Example 1: Calculating the mean of every row of a data frame

Figure of Calculating the mean of every row of a data frame

# Create data frame
df <- data.frame(
  player1 = c(11, 55, 99, 444, 888),
  player2 = c(22, 66, 111, 555, 999),
  player3 = c(33, 77, 222, 666, 11),
  player4 = c(44, 88, 333, 777, 22)
)

# Calculating the mean of every row using rowMeans() function
rowMeans(df)

Output

[1] 27.50  71.50  191.25  610.50  480.00

We calculated the mean of the values across each row using the rowMeans() function, effectively providing the average value for each player across the columns.

Example 2: Calculating the mean of every row and excluding NA values

Calculating the mean of every row of data frame containing NA values

As you can see from the figure, we get the output NA for every row because every row contains NA values.

# Create a data frame.
df <- data.frame(
  col1 = c(NA, 2, 3),
  col2 = c(4, NA, 6),
  col3 = c(7, 8, NA)
)

# Calculate the mean of data frame
rowMeans(df)

Output

[1] NA NA NA

You can exclude NA values while calculating the mean of every row by passing the na.rm = TRUE parameter to the rowMeans() function.

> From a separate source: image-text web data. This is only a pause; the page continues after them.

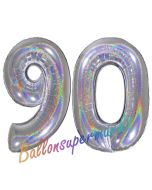 Zahl 90, holografisch, Silber, Luftballons aus Folie zum 90. Geburtstag, 100 cm, inklusive Helium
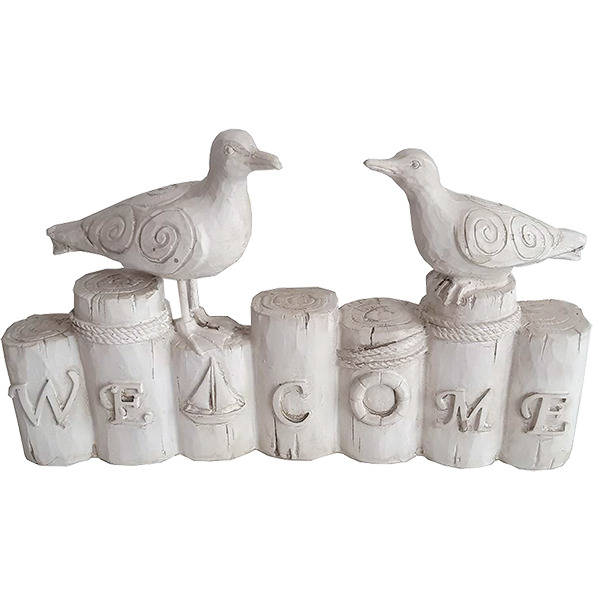 Welcome sign Seagulls on Mooring poles 29cm
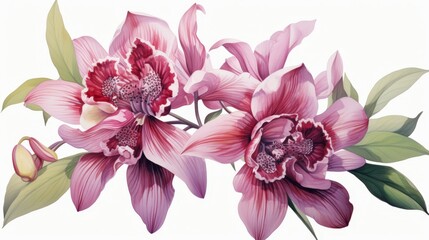 A watercolor painting of pink orchids.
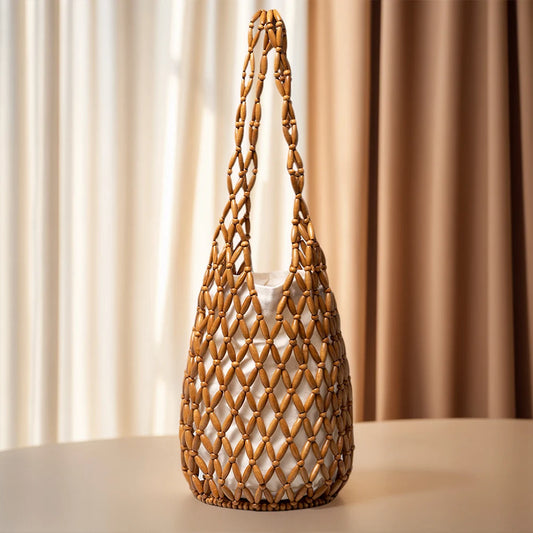 Women Woven Wicker Tote Bag – Hollow-Out Wooden Bead Hand-Bag with Canvas Netted Body, Beach & Summer Shoulder Bucket Bag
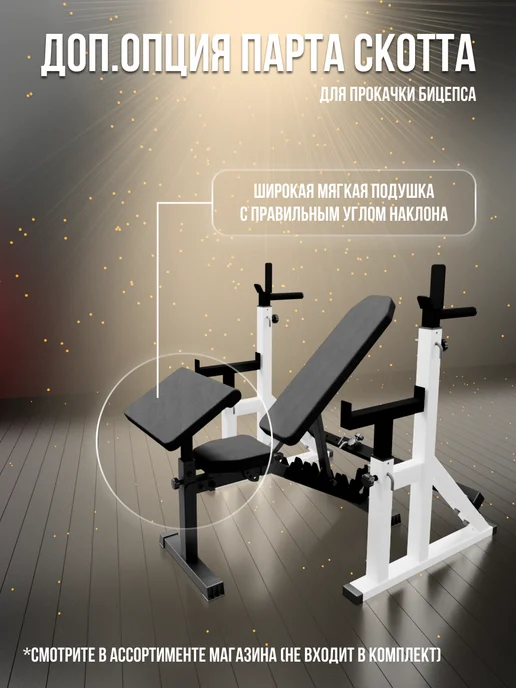 Sportlim Скамья для жима универсальная Orion + Стойки со страховкой, черный, фото 8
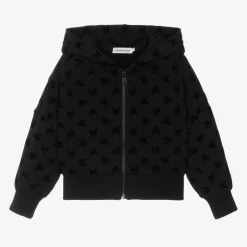 Calvin Klein Girls Black Cotton Zip-Up Hoodie Discount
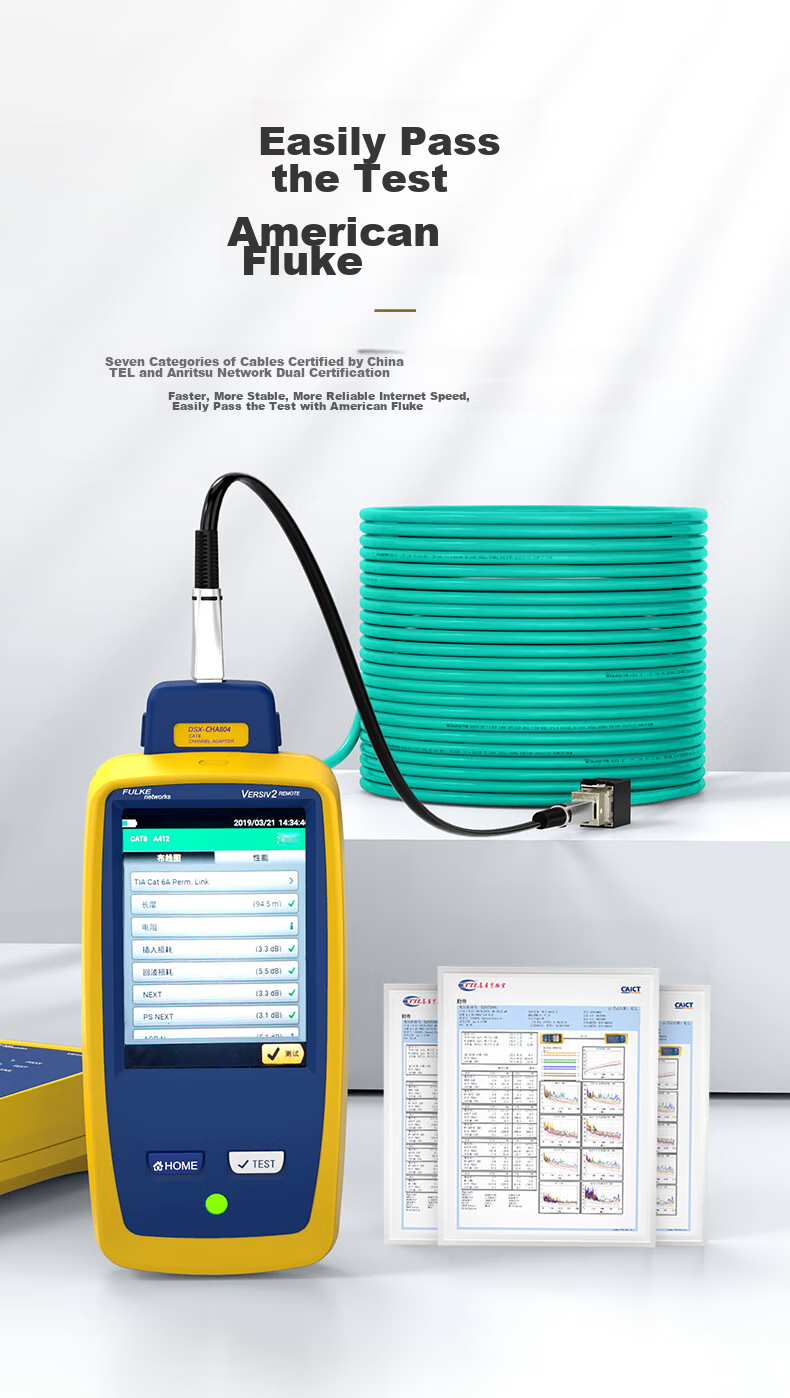 Сетевой кабель WANJEED CAT7, двойное экранирование, 23AWG, бескислородная чистая медь, низкий дым, нулевой галоген, инженерная сеть, 20 метров, зеленый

Figure of handling missing values while using rowMeans() function

# Create a data frame.
df <- data.frame(
  col1 = c(NA, 2, 3),
  col2 = c(4, NA, 6),
  col3 = c(7, 8, NA)
)

# Calculate the mean of data frame
rowMeans(df, na.rm = TRUE) 

Output

[1] 5.5   5.0   4.5

Example 3: Calculating the mean of specific rows

Figure of calculating the mean of specific rows of data frame

# Create a data frame.
df <- data.frame(
  col1 = c(1, 2, 3),
  col2 = c(4, 5, 6),
  col3 = c(7, 8, 9)
)
rowMeans(df[c(1, 3), ])

Output

  1   3 
  4   6

From the output and figure, you can see that for row 1, the mean is 4, and for row 2, the mean is 6.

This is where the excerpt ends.